Last weekend we witnessed the good, the bad and the ugly that came with TNT exporting its announcers for coverage of March Madness. Read on to see how we graded each new broadcaster.
Marv Albert: A
Yus! Albert’s job as a play-by-play man is easier than a color guy and a studio analyst because he mostly just gets to describe what’s happening in front of him, but it was clear last weekend why Albert has won five Emmy Awards for his work. The man is a chameleon and you wouldn’t have known he’s spent over 40 years calling mostly NBA games from listening to his broadcasts from Tulsa, OK.
It might not have been a Gus Johnson call, but Albert provided a great play-by-play of Derrick Williams’ Superman act at the end of the Texas game on Sunday.
Craig Sager: A
Sager has become nothing more than a court jester at TNT and the only thing we can really grade him on is the absurdity of his suits.
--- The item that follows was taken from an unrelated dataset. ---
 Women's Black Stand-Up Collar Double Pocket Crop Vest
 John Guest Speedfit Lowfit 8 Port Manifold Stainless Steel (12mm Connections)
Well, Sager brought his “A” game to Friday’s NCAA tournament games, showing up in the same pink plaid blazer that Kevin Garnett once told him he should burn.
Pace yourself, Craig.
Steve Kerr: A-
Talk about pressure: Not only did Kerr have to prove himself worthy of calling the Final Four broadcast with Jim Nantz and Clark Kellogg, he also had to stay unbiased while calling games of his alma mater, Arizona. He passed both tests with flying colors.
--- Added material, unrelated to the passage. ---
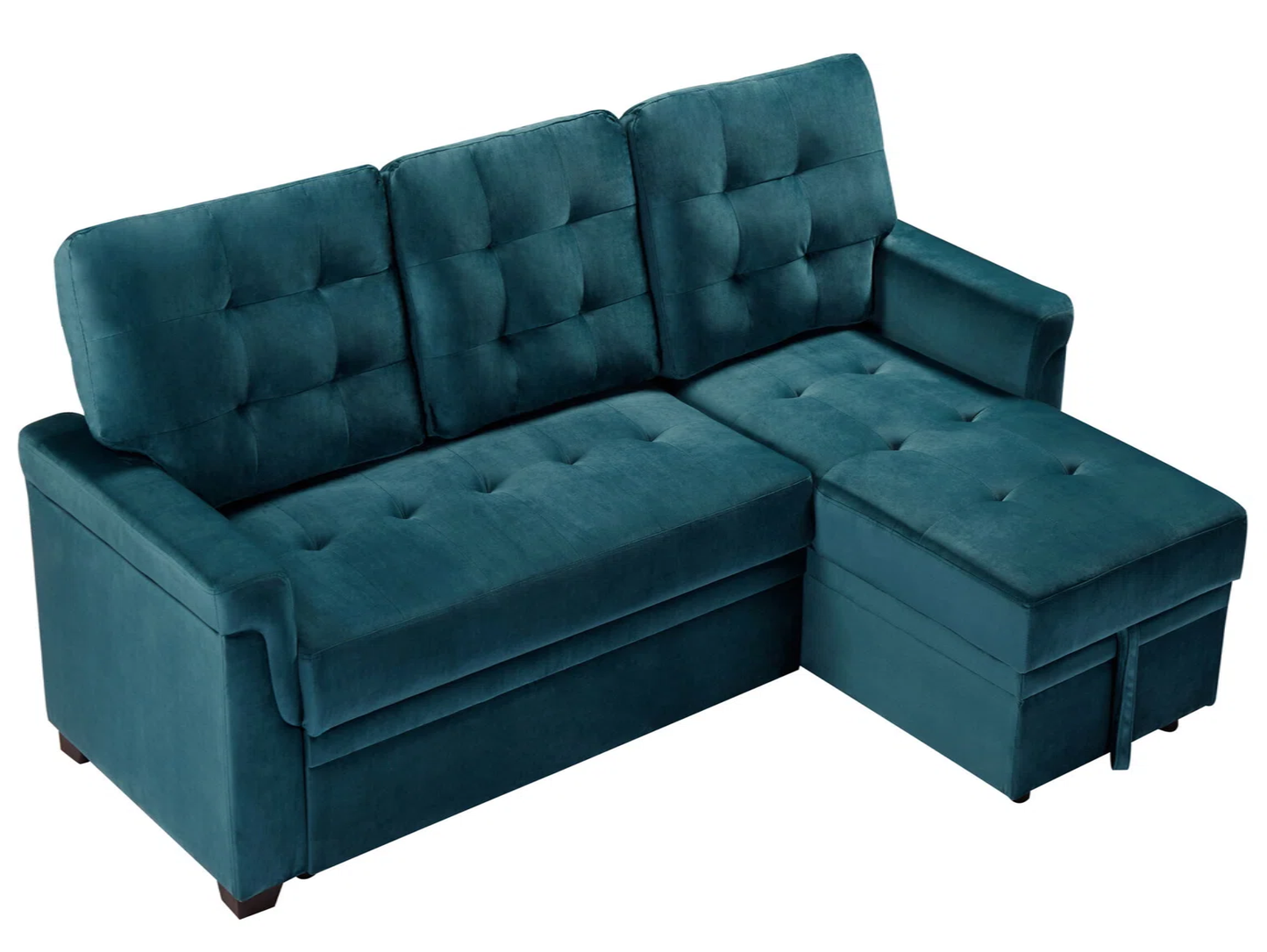 William 3 Seat Teal Velvet Reversible Sofa Bed with Storage Chaise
It probably didn’t hurt that Kerr had a built-in advantage since he got to call the games of a team he already follows, but he was very knowledgeable and frequently referenced games earlier in the season – always a plus. He gets docked only slightly for calling the Big 12 the Big 10 during the Kansas-Illinois game and admitting at the end of the Texas-Arizona game he wasn’t sure about a rule on the college level.
Ernie Johnson: B+
It’s hard to be too hard on Ernie because CBS made the absurd decision to put him and Greg Gumbel on the set at the same time, which led to several awkward moments and Gumbel losing his bearings when he accidentally called CBS “ESPN.”
Like Albert, Johnson is a consummate pro who has done it all during his broadcasting career and handled March Madness in stride. But it’s hard to give him a higher mark considering the awkward set-up and his TNT sidekicks consistently letting him down.
Reggie Miller: B
Miller also had a leg up as he was paired up with Kevin Harlan, who has broadcast the tournament for years and also works with Miller on TNT’s NBA coverage. Miller had some good moments, like saying Jordan Taylor needed to step up if Wisconsin wanted to beat Kansas State right before the Badger hit a monster 3-pointer and getting very animated during the double-overtime game between San Diego State and Temple.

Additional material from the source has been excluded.